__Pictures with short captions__
■ ■ ■
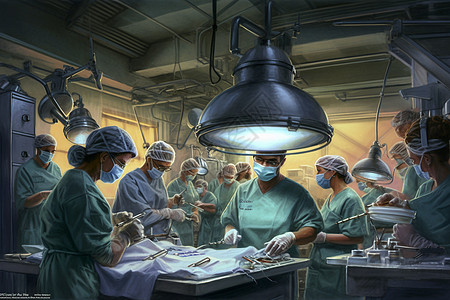 外科医生在手术室进行精细手术图片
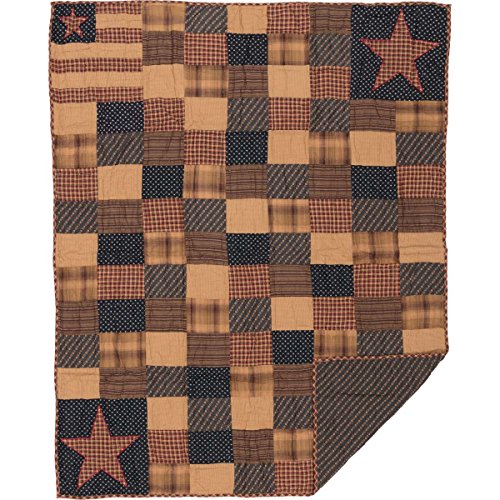 VHC Brands Americana Primitive Pillows & Throws-Patriotic Patch Throw, 60" x 50", Deep Red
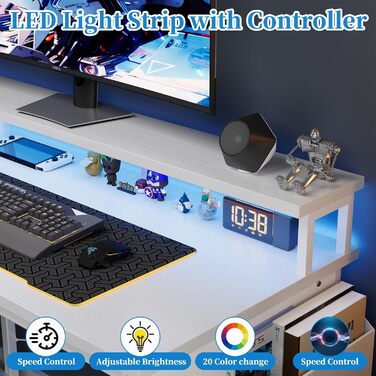 Кутовий стіл Grandder з LED-підсвічуванням та розетками, 120 см, ігровий стіл з 2 полицями, стіл для комп'ютера з підставкою для монітора, робоче місце для ПК, Homeoffice, карбоновий чорний (120 x 70 см, білий)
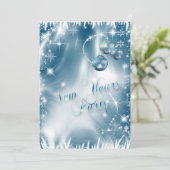 Elegant Snowflakes Blue Frost New Year Party Kaart (Staand voorkant)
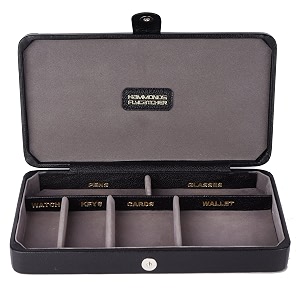 hammonds flycatcher men39s leather gift box with rfid protection - 6 compartment organizer for pens glasses keys watches cards and wallets - black luxury valet box for accessories and storage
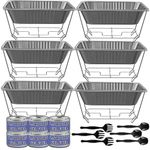 Chafing Dish Buffet Set, Half Size, Disposable Catering Supplies -6 Pack- Food Warmers for Parties, Incl Wire Racks, Fuel, Aluminum Water Pans, Food Pans, Serving Utensils -Single Pan Food Warmer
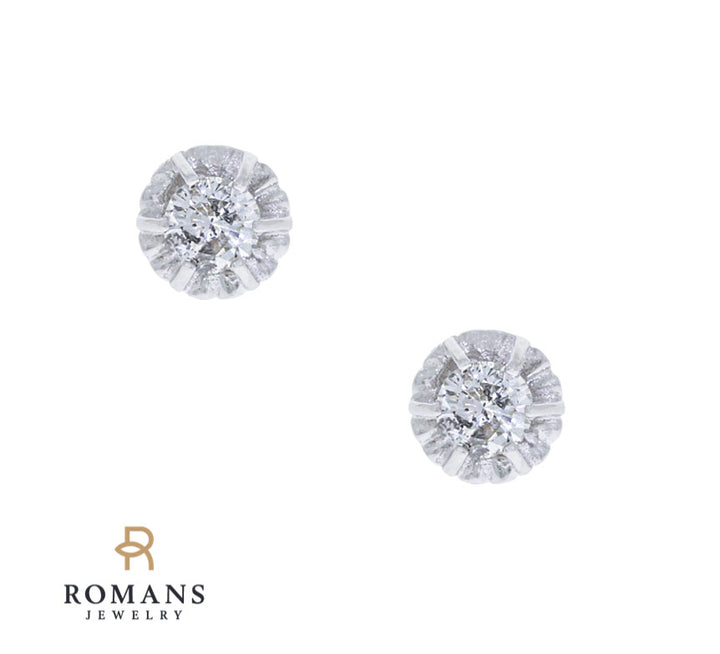 Diamond Stud Earrings 14K White Gold .82CTW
■ ■ ■
__ACTIVITY__
Keeping the pictures out, output the records from above exactly and completely.

__FINAL ANSWER__
 外科医生在手术室进行精细手术图片
 VHC Brands Americana Primitive Pillows & Throws-Patriotic Patch Throw, 60" x 50", Deep Red
 Кутовий стіл Grandder з LED-підсвічуванням та розетками, 120 см, ігровий стіл з 2 полицями, стіл для комп'ютера з підставкою для монітора, робоче місце для ПК, Homeoffice, карбоновий чорний (120 x 70 см, білий)
 Elegant Snowflakes Blue Frost New Year Party Kaart (Staand voorkant)
 hammonds flycatcher men39s leather gift box with rfid protection - 6 compartment organizer for pens glasses keys watches cards and wallets - black luxury valet box for accessories and storage
 Chafing Dish Buffet Set, Half Size, Disposable Catering Supplies -6 Pack- Food Warmers for Parties, Incl Wire Racks, Fuel, Aluminum Water Pans, Food Pans, Serving Utensils -Single Pan Food Warmer
 Diamond Stud Earrings 14K White Gold .82CTW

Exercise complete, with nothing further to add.